Extracted information —
+ + + + +
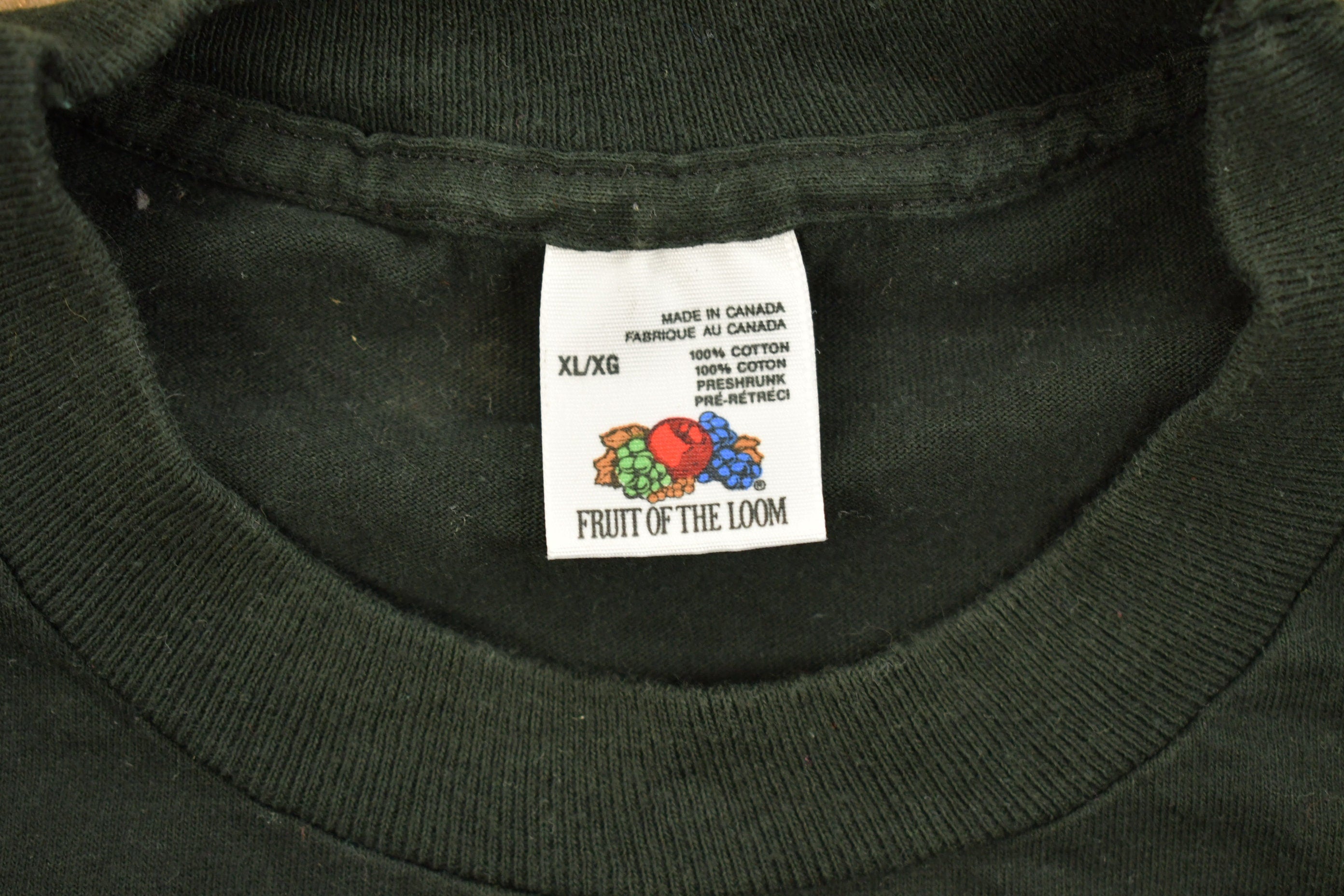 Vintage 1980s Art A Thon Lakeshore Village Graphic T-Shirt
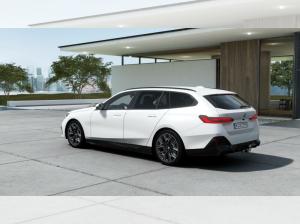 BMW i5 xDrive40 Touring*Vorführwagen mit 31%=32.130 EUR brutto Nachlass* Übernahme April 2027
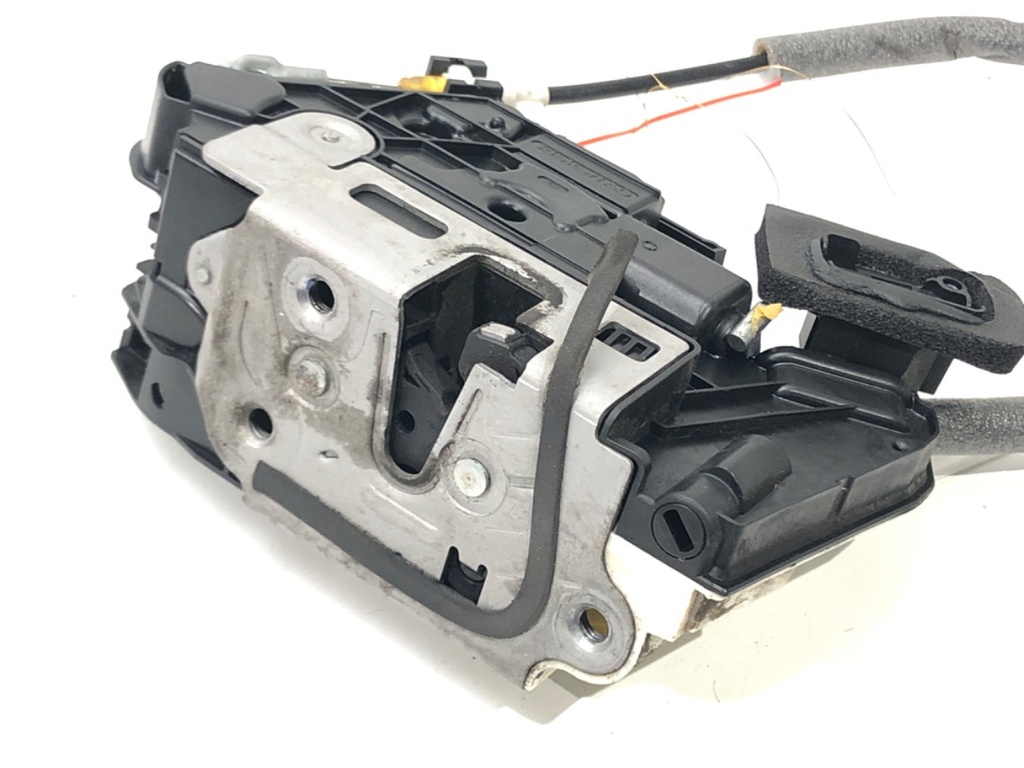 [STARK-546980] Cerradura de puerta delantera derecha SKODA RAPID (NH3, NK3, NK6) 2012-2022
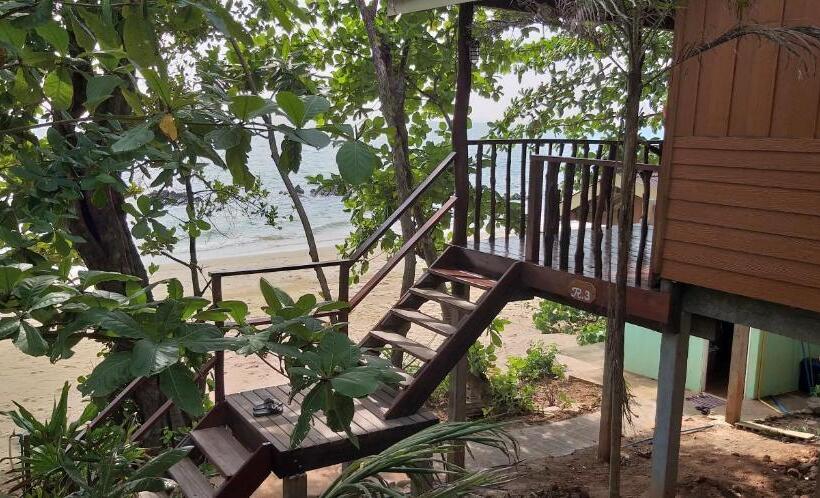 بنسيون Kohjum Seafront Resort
+ + + + +
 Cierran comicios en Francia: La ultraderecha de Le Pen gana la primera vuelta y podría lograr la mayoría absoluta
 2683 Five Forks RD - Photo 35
+ + + + +
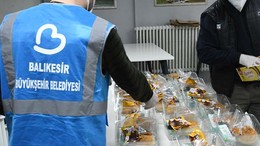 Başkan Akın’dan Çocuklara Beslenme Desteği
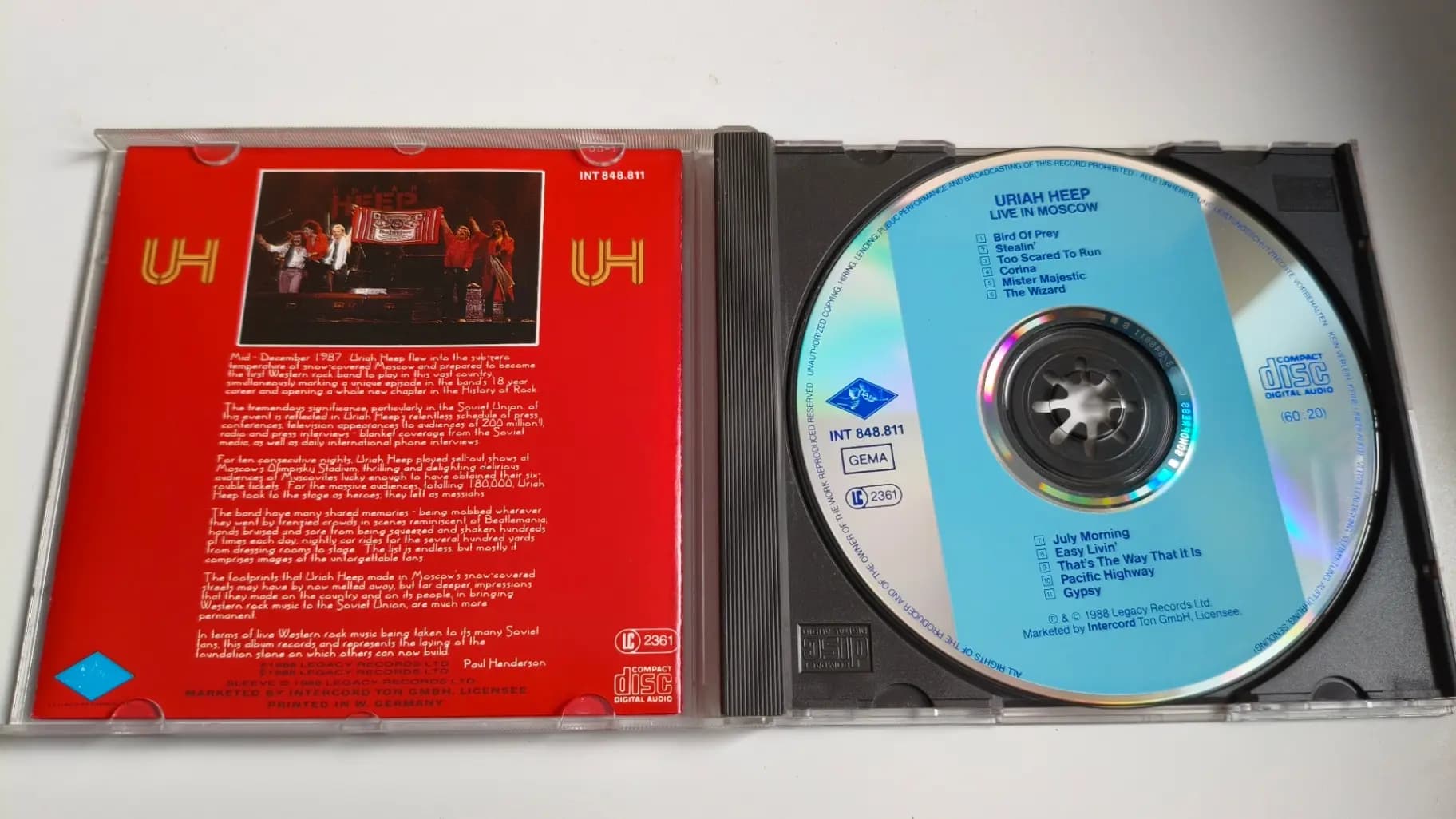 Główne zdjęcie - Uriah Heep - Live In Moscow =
+ + + + +
Task prompt — To complete this exercise, transcribe exactly the lines above from the one that holds "BMW i5 xDrive40" through the one that holds "بنسيون Kohjum Seafront Resort". Pictures stay out.

Finished exercise —
 BMW i5 xDrive40 Touring*Vorführwagen mit 31%=32.130 EUR brutto Nachlass* Übernahme April 2027
 [STARK-546980] Cerradura de puerta delantera derecha SKODA RAPID (NH3, NK3, NK6) 2012-2022
 بنسيون Kohjum Seafront Resort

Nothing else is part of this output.